Thursday, January 24, 2008

Societal Correctness: Functionality Before Truth

One question that came up today concerned punishment of violent crimes. It was assumed that a morally correct action should synonymously be a legal action. We assume no disparity between what's correct and what's legal. This assumption breaks the whole discussion and makes some forms of ethics instantly useless.
When we think about issues of legality, we have to consider it an issue of what must happen for society to work the way that the government says it should. Legality doesn't determine whether and action is right or wrong, and right or wrong doesn't determine whether an action is legal or illegal. So when a strict relativist says it may be morally acceptable for someone to murder someone else (I can't think of a realistic situation in which they would, but I'm sure there is one) they aren't also claiming that it's legally permissible - simply that it wouldn't be immoral for that person.
With the separation in place, some earlier absurd relativist perspectives become more rational.
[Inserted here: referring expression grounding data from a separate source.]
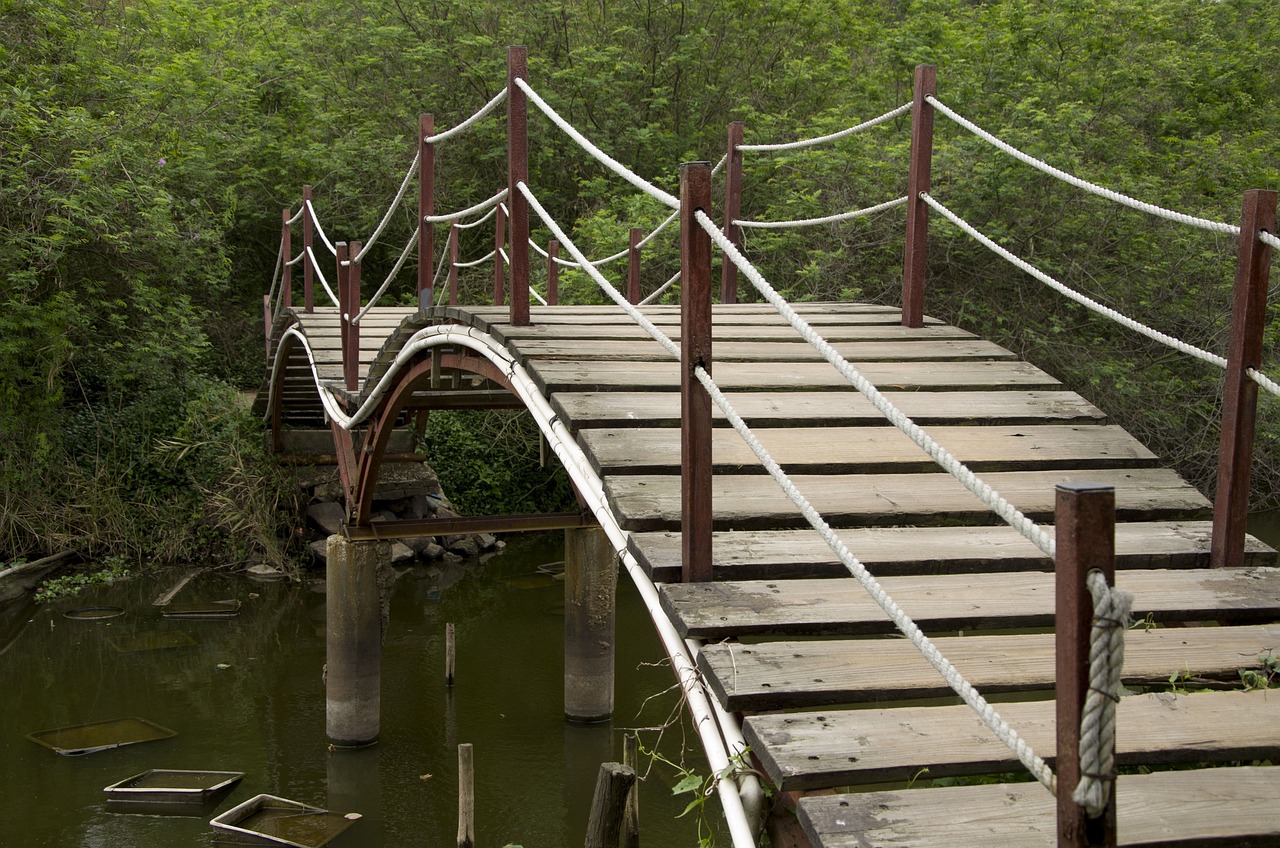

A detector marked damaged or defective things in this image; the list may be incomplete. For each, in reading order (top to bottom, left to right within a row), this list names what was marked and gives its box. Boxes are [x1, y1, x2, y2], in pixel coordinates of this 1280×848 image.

rust-stained railing post [424, 112, 440, 311]
rusty metal post [424, 112, 440, 311]
rust-stained railing post [506, 44, 527, 326]
rusty metal post [504, 45, 529, 325]
rusted metal frame in water [504, 44, 529, 326]
rusty metal post [624, 228, 640, 303]
rust-stained railing post [627, 225, 645, 306]
rust-stained railing post [675, 159, 716, 584]
rusty metal post [675, 159, 716, 584]
rusted metal frame in water [686, 159, 716, 584]
rust-stained railing post [721, 119, 742, 306]
rusty metal post [721, 119, 742, 306]
rusted metal frame in water [727, 119, 747, 306]
rusty metal post [901, 63, 942, 326]
rusted metal frame in water [901, 63, 942, 326]
rust-stained railing post [901, 64, 942, 330]
rust-stained railing post [1213, 189, 1274, 568]
rusty metal post [1213, 189, 1274, 568]
rusted metal frame in water [1213, 189, 1274, 568]
rust-stained railing post [1054, 484, 1116, 848]
rusty metal post [1054, 484, 1116, 848]
rusted metal frame in water [1054, 484, 1116, 848]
Individual egoism, though it's no way to run a society, may have some truth for someone from a relativist perspective.
It may seem sick and twisted to have laws disallow actions that are morally correct and force actions that are immoral, but that's the way it has to be for society to work. Interpersonal interactions have to be bound by a universal, or at least constant through each society, set of rules. Truth must be put aside in honor of functionality, the real concern of government. However, for those actions that do not effect society's capacity to function, government must step aside. Morality and legality for actions concerning only rationally consenting people should be synonymous; when functionality is off the table, there is no reason for laws to determine truth.
When I wrote this the title was "Societal Morality: Functionality Before Truth." It wasn't until this last paragraph that I realized it couldn't be Societal Morality, it had to be Societal Correctness. The distinction is a hard one to make, but to consider rationally our ideas of permissible/impermissible compared to right/wrong, it must be made clearly.

2 comments:

Magister P said...

You make an excellent and needed distinction between the moral and the legal. Question: if the legal does not make the moral, then what does?

You write: "but that's the way it has to be for society to work." Is this not a utilitarian perspective? What ethical system shapes the legal?

Another question: if the legal shapes what actually takes place, then what effect does the moral have? In other words, what does it matter for someone to believe X is moral if he or she cannot do X within his or her society? Either the person refrains from doing the morally correct X, thus bowing to the legal, or works to change the system, thus proving that the moral is superior.

mns said...

Even the legal is not strictly utilitarian. It seems to be a blend between utilitarian and Kantian, doing the best for the most but avoiding the irrevocable.
If a person believes an illegal action is moral, there are a few situations that could result: the person refrains from X to avoid punishment/the person does X and is punished/the person works to change the law to accept X. In order to change the law, the person would have to be able to convince government why X is better for the society, so the overall legal principle of doing the best for the most without doing anything irrevocable would still persist.